Mystery surrounds exodus of Pier 39 sea lions

The desolate docks near Pier 39 where up to 1,700 sea lions congregated just months ago has people wondering where the animals went.

It was late summer that the increase in the number of the sea lions — at least triple what is typically at the tourist hotspot — led to the installation of extra docks for the animals to lounge on. The sea lions also started occupying nearby Hyde Street commercial docks, leading the Port of San Francisco to install 200 feet of mesh fencing about 3-feet high to keep them away.

Then, the sea lions started to leave.

The exodus began at the end of October. The animals typically head out of San Francisco Bay during fall and winter months and can be spotted along the coastline up to Oregon — their usual migration route. They turn around and start resurfacing in the Bay around March, said Jeff Boehm, executive director of the Sausalito-based Marine Mammal Center.

“It’s not a mystery that these animals come in and out of the Bay,” he said. “What’s mysterious is the extreme numbers this year.”

There has been no explanation for the dramatic swings in the number of sea lions at the pier, according to the Marine Mammal Center.
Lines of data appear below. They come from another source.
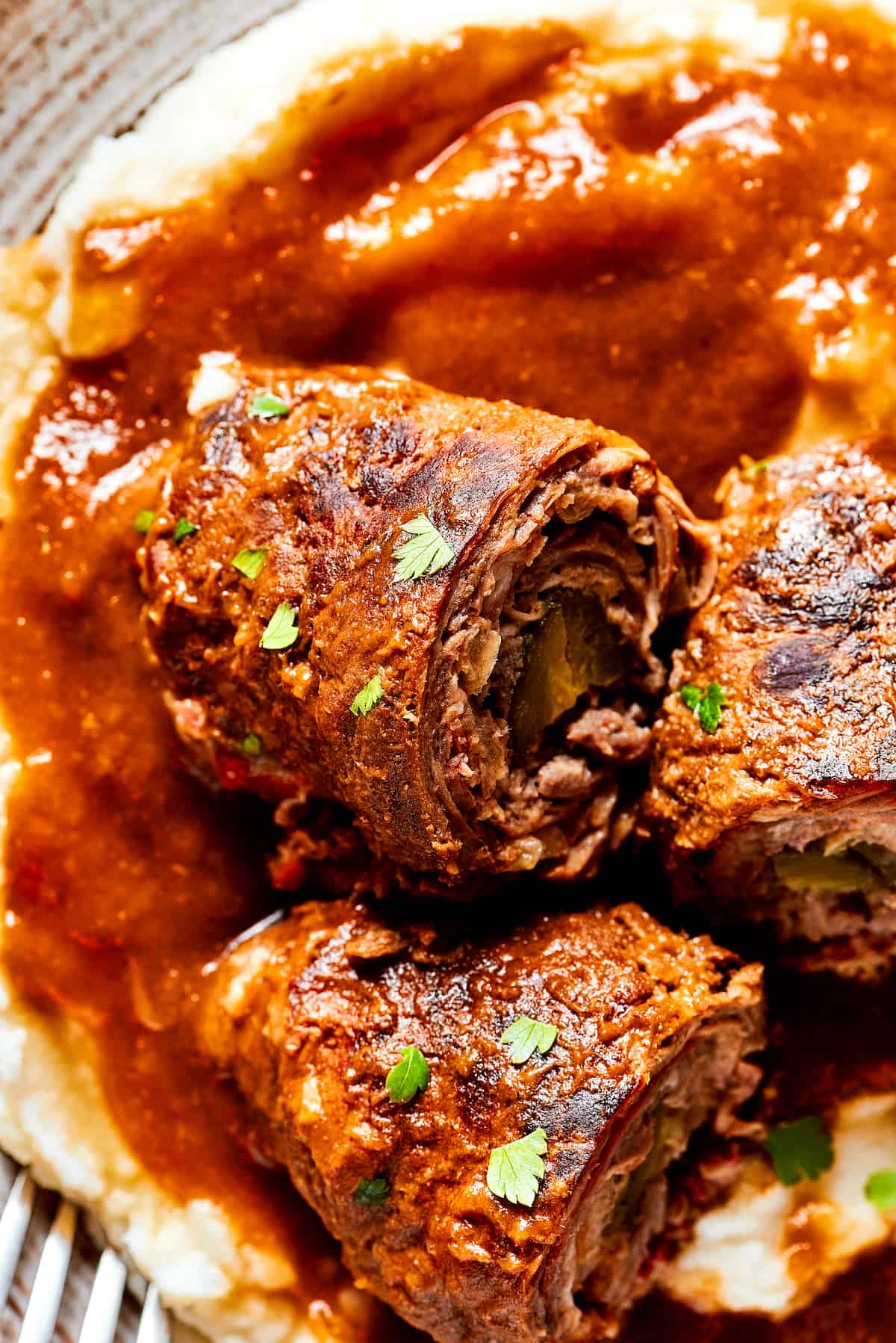 Rich, flavorful Rouladen is a classic German dish. Little meat rolls are stuffed with onions, bacon, and pickles then simmered in gravy. Close up of German rouladen.
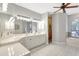 Bright bathroom with double sinks, quartz countertops, a soaking tub, and a separate shower stall at 15107 3Rd E Dr, Bradenton, FL 34212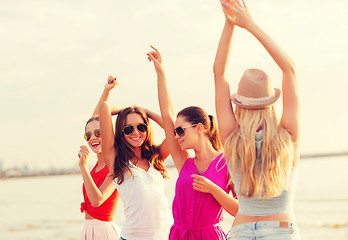 Image showing group of smiling women dancing on beach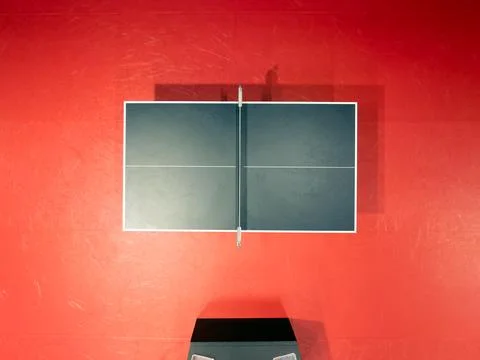Table tennis black table with red floor from above. Indoor sports. Ping Pon.. Stock-Fotos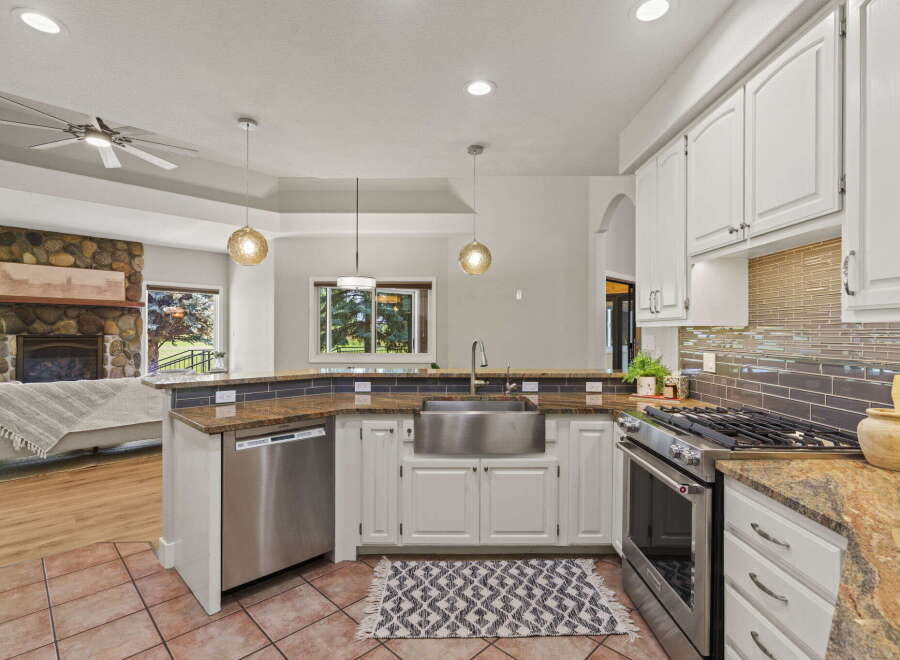 This spacious kitchen boasts a large stainless steel farmhouse sink, perfect for any culinary enthusiast.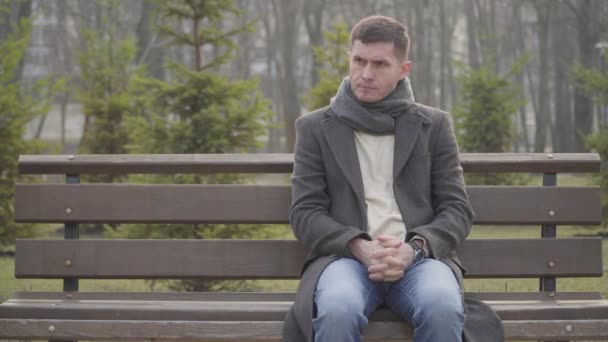 Jeune homme nerveux caucasien assis sur un banc dans le parc de la ville et vérifiant l'heure de quart. Portrait d'un mec brune impatient qui attend à l'extérieur le jour ensoleillé d'automne. Mode de vie, réunions, ponctualité . — Video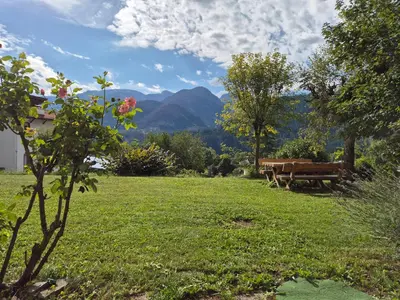 a park with a bench and a picnic table at La casa sul giardino in Castello di Fiemme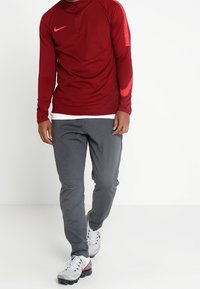 Chemise de sport rouge à manches longues avec demi-fermeture éclair et accents texturés sur les côtés, associée à un pantalon de survêtement gris et des chaussures de sport grises.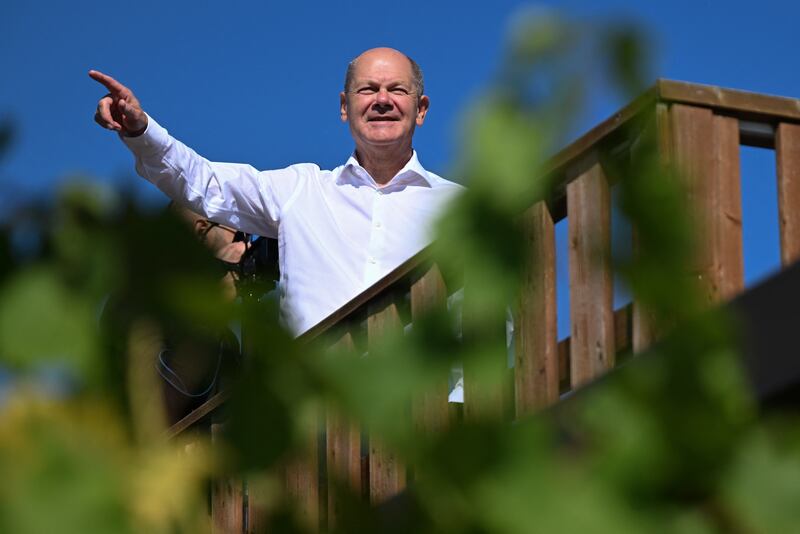 German Chancellor Olaf Scholz gestures as he visits the Wachtelberg vineyard in the town of Werder near Potsdam, capital of the eastern German state of Brandenburg, on Friday. Photograph: Ralf Hirschberger/AFP via Getty Images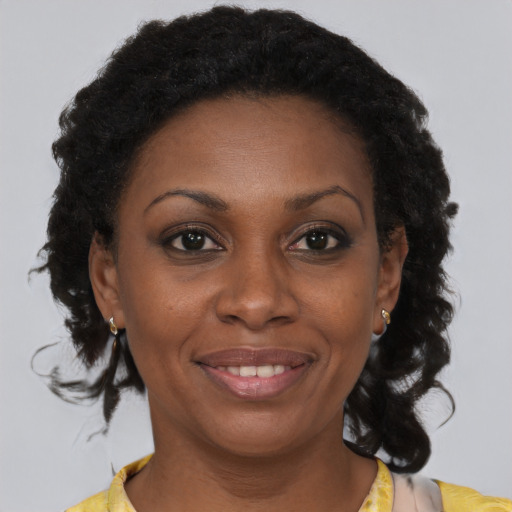 Joyful black adult female with medium  brown hair and brown eyes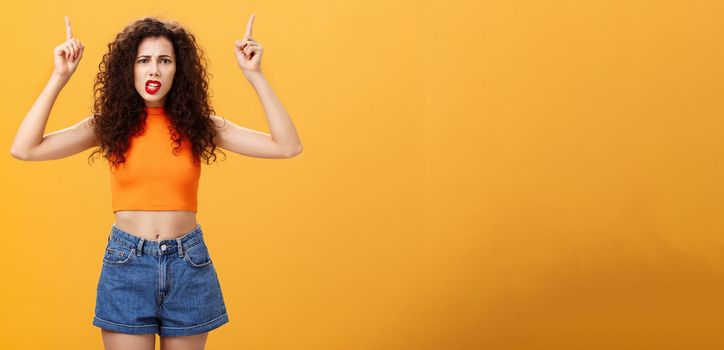 Indoor shot of displeased female client with curly stylish hairstyle. red lipstick in cool cropped top pointing up demanding explanation with confused and dissatisfied expression over orange background.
The exodus has left people pondering why there are only a handful of the animals now, a time when there are typically a couple dozen at the site.

Boehm said the herd is likely to return by the spring — as usual — which has Port officials thinking about what to do with the barricades to keep them off Hyde Street Pier.

“To tell you the truth, we don’t have a plan for the barricades yet — they’re still up,” Port spokeswoman Renee Martin said. “Normally this time of year, the numbers drop significantly … but they’re never at Hyde Street Pier.”